Empty Cage Quartet – Stratostrophic (CF 103)
Stratostrophic, the sixth release by the Empty Cage Quartet (ECQ), finds the avant West Coasters full of ideas and limited by nothing. Their omnivorous approach gladly frustrates label taggers while rewarding informed listeners with advanced compositional and improvisational delights. Their continuing association pays off in an acquired looseness that revels in taking chances without losing the links that keep these sonic aerialists flying together. Inside/outside, silly/serious, ECQ’s creative central heat liquefies such abstractions into a bold shower of musical sparks.
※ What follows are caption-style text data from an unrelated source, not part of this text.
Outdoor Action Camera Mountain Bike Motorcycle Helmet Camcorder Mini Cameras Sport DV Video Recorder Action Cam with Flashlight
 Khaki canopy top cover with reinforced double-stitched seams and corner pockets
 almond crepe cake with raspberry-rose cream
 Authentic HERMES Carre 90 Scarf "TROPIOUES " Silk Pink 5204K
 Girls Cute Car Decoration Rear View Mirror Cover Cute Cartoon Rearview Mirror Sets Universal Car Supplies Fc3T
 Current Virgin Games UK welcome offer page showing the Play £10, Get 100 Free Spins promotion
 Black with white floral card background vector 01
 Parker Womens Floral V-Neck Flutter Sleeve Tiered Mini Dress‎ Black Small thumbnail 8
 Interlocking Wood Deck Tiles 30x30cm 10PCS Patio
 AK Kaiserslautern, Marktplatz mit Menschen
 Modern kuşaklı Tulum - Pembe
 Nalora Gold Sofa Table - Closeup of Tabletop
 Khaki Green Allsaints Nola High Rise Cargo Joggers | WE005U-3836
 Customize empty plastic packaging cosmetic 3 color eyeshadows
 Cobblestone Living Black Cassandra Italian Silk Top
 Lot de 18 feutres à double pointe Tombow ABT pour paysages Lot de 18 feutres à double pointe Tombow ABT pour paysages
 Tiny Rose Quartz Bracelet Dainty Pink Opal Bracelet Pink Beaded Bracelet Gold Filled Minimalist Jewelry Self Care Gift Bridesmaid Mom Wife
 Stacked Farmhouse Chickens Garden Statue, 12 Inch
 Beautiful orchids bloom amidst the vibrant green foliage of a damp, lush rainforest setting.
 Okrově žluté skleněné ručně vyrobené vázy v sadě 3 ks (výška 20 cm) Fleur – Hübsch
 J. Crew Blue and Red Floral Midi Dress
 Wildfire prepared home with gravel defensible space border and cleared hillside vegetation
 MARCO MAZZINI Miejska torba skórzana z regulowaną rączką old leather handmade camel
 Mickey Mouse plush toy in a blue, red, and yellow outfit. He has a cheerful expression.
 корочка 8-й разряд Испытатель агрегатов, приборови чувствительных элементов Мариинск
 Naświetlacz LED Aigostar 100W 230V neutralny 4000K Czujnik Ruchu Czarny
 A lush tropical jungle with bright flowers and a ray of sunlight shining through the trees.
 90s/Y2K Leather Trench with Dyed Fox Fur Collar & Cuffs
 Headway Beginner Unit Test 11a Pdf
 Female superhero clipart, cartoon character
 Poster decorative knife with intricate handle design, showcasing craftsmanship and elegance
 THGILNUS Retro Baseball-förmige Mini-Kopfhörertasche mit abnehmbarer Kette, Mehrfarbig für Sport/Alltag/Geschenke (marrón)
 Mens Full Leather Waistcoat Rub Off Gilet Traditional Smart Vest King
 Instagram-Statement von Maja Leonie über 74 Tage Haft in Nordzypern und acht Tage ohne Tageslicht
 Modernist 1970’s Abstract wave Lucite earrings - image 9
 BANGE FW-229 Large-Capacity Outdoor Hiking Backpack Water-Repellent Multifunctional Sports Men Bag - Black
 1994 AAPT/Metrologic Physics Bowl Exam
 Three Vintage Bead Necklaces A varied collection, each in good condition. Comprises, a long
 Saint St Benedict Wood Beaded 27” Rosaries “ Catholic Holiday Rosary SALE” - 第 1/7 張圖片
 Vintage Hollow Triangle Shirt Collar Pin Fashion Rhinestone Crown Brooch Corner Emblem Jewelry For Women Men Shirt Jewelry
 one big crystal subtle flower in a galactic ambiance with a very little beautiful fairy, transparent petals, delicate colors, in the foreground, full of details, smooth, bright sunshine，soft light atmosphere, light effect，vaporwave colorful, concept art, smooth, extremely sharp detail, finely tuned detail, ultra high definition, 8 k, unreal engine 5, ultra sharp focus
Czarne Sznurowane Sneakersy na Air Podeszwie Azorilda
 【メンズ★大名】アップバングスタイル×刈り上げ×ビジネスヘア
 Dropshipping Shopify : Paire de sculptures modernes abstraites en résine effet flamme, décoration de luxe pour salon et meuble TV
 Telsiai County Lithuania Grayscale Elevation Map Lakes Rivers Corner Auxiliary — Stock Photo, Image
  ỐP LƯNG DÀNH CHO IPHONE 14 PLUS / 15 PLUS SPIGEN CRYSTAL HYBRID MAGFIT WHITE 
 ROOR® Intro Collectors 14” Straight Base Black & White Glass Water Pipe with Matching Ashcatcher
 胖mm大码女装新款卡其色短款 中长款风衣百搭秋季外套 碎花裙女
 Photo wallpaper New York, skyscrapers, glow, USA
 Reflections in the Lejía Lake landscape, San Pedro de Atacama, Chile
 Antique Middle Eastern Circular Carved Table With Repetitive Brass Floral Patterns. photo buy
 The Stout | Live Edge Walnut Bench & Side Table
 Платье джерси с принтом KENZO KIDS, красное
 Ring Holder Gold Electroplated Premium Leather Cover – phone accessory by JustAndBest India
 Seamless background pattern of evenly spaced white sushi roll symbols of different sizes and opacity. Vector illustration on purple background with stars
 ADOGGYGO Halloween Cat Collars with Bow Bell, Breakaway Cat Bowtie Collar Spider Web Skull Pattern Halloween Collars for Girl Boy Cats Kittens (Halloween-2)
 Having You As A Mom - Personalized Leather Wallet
The set begins with the three-footed “Again A Gun Again A Gun Again A Gun.” Drummer Paul Kikuchi and bassist Ivan Johnson create a stumbling rhythm for fiery Kris Tiner’s raw trumpet to blaze across. Johnson gets solo time, then saxophonist Jason Mears plays call and response with Tiner, creating structure while Johnson and Kikuchi explore. “Old Ladies” features a cubist head swinging off kilter and Tiner solos with answers and wails coming from Mears, both always finding their ways back to the unison lines. The minimalist sound picture “Power of the Great” brings out Mears’ clarinet, Tiner’s mute and Johnson’s bow. Kikuchi busily kicks off “We Are All Tomorrow’s Food” and keeps it percolating under the others’ laconic take on the theme. Mears catches up on clarinet, blasts past and then reins it in to repeat the theme. Tiner and Mears announce “Steps of the Ordinarily Unordinary” with a twisted toy army fanfare, sort of like Albert Ayler on Christmas morning, picked up by the rhythm section and marched around the tree. The haunting “Aurobindo” wafts like incense, Tiner’s flugelhorn enriching the sound. “Through the Doorways of Escape Come the Footsteps of Capture” slowly evolves into a formidable midtempo groove that Tiner splatters with trumpetese. Johnson and Kikuchi shift gears for Mears to come aboard rolling octaves and squawks around in his mouth, powerfully sprinting ahead.
With notes by no less a musical sage than Wadada Leo Smith, Stratostrophic checks in on one of jazz’s most crucial bands and finds them growing strong.